L'indagine riguarda la «massiccia» vendita «nel brevissimo termine» di 7 degli 8 miliardi di euro di titoli di Stato italiani che, all'inizio del 2011, Deutsche Bank aveva in portafoglio. Secondo il pm inquirente, Michele Ruggiero, la vendita fu «autorizzata e/o comunque disposta» dall'allora management della banca con «condotte artificiose, a carattere informativo ed operativo, da ritenere manipolative del mercato». Sempre secondo l'accusa, Deutsche Bank in tre pubblicazioni di febbraio-marzo 2011, definì sostenibile il debito sovrano dell'Italia, ma nascose ai mercati finanziari le sue reali intenzioni di ridurre subito e drasticamente i titoli italiani in portafoglio.

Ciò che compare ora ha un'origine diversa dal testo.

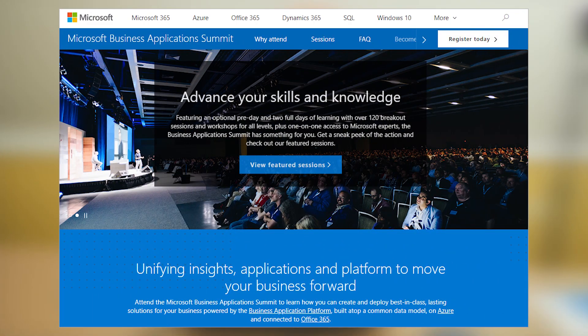I'd also like to plug the upcoming Business Application Summit coming up in July — be sure to register and come hang out with us. There's a link in the description below for more information. By popular demand, the main sample file you saw in this demo is available on GitHub, with the link in the description as well.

Questa volontà della Banca risulta invece - a giudizio della procura - dalla massiccia vendita di titoli di Stato italiani fatta 'over the counter', senza che fosse divulgata al mercato finanziario regolamentato e giustificata «falsamente» a posteriori (nell'informativa del giugno 2011) con la necessità di ridurre la sovraesposizione del gruppo al rischio sovrano dell'Italia, a seguito dell'acquisizione di Postebank di fine 2010. Nello stesso periodo, Deutsche Bank acquistò circa 1,4 miliardi di Credit Default Swap (Cds) di copertura sull'esposizione al rischio Italia.
Questi acquisti - secondo l'accusa - non furono comunicati dal gruppo bancario né ai mercati finanziari né al Mef.
Solo nel giugno 2011, con la pubblicazione da parte di DB dell«Interim Report', il mercato e tutti gli operatori - è scritto negli atti - seppero »improvvisamente della drastica, massiccia e repentina riduzione dell'esposizione al rischio Italia da parte di DB, interpretandola ragionevolmente e secondo le ordinarie logiche di mercato come un chiaro segnale di sfiducia del gruppo nei confronti della tenuta del debito sovrano italiano«.